Charlotte Head, 29, and five others are standing trial at Woolwich Crown Court over what prosecutors described as a meticulously planned assault on Elbit’s Bristol facility in southwest England last August.
All six face charges of aggravated burglary, violent disorder, and criminal damage. One defendant, Samuel Corner, 23, is additionally accused of grievous bodily harm with intent after allegedly striking a female police sergeant with a sledgehammer, fracturing her lumbar spine.
Head told jurors the group acted because “all else had failed.” She admitted driving a repurposed prison van through fences and into a loading bay in the early hours of August 6, 2024, carrying fellow activists. Their plan, she said, was to “go in and destroy as many weapons as we could find.”
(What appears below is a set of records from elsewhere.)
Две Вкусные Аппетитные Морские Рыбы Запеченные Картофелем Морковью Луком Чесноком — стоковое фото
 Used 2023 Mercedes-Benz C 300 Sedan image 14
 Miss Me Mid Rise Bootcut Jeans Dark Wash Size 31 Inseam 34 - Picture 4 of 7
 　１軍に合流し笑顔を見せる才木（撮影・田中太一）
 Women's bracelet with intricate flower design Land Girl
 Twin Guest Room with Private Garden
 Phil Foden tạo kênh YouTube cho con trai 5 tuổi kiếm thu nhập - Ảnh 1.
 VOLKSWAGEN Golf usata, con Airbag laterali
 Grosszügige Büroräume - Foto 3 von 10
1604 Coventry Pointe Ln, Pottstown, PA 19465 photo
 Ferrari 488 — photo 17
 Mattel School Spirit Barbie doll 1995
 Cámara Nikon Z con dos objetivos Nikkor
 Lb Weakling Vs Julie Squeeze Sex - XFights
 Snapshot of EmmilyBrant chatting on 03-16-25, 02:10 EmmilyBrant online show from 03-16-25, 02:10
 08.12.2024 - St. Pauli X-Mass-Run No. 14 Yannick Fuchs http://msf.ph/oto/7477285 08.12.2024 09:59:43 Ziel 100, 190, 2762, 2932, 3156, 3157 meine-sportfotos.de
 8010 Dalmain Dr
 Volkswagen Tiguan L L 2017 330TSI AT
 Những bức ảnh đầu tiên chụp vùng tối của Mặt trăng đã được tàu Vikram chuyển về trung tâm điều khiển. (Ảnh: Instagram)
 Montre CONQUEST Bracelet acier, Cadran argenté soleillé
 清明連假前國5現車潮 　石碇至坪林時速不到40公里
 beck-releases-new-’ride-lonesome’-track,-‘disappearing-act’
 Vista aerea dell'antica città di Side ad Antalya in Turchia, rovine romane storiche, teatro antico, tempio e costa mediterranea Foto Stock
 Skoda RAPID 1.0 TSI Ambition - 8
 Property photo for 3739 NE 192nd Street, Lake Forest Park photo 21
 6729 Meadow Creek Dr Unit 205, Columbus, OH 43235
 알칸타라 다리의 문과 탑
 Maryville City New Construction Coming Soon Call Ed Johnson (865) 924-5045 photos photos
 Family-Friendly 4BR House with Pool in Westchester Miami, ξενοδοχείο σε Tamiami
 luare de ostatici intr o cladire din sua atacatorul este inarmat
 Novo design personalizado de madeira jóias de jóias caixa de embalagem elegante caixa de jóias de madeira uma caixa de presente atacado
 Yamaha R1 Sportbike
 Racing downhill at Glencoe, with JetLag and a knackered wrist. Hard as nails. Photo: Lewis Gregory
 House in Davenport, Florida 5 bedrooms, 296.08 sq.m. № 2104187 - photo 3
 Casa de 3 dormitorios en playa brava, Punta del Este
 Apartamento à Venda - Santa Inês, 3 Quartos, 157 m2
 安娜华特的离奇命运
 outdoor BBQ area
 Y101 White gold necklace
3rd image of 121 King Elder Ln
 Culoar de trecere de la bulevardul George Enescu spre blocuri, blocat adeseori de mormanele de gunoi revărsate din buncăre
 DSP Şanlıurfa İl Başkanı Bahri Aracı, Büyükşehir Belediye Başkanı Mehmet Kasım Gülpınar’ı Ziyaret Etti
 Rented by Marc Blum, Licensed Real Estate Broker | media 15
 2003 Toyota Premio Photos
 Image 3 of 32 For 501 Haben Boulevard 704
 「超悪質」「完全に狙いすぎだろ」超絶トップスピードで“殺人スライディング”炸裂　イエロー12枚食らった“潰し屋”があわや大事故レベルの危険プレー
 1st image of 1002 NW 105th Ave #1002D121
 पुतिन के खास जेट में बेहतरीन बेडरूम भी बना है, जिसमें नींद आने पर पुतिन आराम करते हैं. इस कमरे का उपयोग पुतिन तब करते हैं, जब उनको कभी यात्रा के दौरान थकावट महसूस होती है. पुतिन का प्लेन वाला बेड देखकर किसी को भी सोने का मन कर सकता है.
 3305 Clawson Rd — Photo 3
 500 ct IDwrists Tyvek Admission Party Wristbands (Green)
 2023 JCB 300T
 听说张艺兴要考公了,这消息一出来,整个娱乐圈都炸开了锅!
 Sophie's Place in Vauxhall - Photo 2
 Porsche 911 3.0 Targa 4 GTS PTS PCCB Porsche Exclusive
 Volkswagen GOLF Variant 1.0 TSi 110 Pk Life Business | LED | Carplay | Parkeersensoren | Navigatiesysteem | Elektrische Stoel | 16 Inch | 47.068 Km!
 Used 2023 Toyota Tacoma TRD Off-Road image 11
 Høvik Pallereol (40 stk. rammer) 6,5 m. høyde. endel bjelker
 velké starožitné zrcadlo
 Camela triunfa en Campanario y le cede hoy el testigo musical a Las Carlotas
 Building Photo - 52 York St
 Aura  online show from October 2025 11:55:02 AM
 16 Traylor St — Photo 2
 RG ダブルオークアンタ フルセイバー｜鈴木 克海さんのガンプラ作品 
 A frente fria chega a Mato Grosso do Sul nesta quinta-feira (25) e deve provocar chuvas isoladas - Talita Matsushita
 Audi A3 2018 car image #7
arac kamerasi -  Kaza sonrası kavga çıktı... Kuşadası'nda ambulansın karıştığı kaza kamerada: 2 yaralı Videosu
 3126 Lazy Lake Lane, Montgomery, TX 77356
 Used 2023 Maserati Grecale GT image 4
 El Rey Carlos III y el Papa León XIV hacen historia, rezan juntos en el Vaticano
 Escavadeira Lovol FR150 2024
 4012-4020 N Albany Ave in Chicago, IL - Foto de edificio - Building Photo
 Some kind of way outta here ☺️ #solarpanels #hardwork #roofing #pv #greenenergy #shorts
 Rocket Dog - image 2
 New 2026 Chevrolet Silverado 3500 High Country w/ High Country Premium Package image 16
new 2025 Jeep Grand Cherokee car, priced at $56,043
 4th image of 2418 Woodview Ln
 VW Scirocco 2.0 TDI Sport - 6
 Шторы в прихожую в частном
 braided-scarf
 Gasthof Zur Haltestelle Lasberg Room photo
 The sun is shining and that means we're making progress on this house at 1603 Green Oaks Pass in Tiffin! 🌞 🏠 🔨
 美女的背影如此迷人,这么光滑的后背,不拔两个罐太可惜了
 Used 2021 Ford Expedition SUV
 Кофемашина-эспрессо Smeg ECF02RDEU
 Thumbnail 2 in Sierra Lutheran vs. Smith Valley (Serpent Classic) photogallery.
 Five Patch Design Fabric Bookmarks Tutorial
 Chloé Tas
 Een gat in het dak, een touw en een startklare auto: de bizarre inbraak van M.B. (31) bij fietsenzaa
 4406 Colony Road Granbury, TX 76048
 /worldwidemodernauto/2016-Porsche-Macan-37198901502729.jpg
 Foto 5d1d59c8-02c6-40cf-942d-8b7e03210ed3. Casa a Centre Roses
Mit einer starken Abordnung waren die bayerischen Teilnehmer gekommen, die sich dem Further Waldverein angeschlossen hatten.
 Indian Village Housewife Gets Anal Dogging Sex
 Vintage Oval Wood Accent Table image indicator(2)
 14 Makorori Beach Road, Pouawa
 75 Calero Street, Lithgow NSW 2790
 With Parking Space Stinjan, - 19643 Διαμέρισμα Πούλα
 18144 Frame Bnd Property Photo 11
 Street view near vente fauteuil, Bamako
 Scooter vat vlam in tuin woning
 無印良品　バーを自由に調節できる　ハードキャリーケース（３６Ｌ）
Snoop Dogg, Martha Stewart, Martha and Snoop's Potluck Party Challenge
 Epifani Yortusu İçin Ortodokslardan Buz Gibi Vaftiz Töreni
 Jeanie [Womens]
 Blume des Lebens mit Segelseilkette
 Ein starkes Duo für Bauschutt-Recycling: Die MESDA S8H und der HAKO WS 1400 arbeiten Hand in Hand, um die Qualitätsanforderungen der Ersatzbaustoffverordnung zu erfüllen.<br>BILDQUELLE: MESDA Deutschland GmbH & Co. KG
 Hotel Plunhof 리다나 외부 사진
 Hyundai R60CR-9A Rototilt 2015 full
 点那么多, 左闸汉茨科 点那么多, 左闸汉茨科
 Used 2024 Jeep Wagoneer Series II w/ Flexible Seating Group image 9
Asked by her lawyer Rajiv Menon whether she used violence against guards or police, Head replied: “No, never.” She further testified that she only became involved in pro-Palestinian Arab activism after Hamas attacked Israel from Gaza on October 7, 2023. She described Israel’s military response to the massacre as a “genocide”.
Head, pressed on whether she would have joined the action had she known violence would occur, answered, “No, it was not a part of the plan.”
British police recently released footage from the Palestine Action raid on the Elbit factory.
The British government proscribed Palestine Action as a terrorist organization last July, days after its activists protesting the Gaza war broke into an air force base in southern England, causing an estimated £7 million in damage to two aircraft.
Palestine Action has challenged the ban in court.
Founded in 2020, Palestine Action describes itself as a “direct action” network opposing what it calls British “complicity” with Israel, particularly in relation to arms sales.
The group also previously defaced a painting of Lord Balfour at Trinity College Cambridge, spraying the portrait with red paint and slashing it.
In another incident, Palestine Action members stole two busts of Israel’s first President, Chaim Weizmann, from a glass cabinet at Manchester University.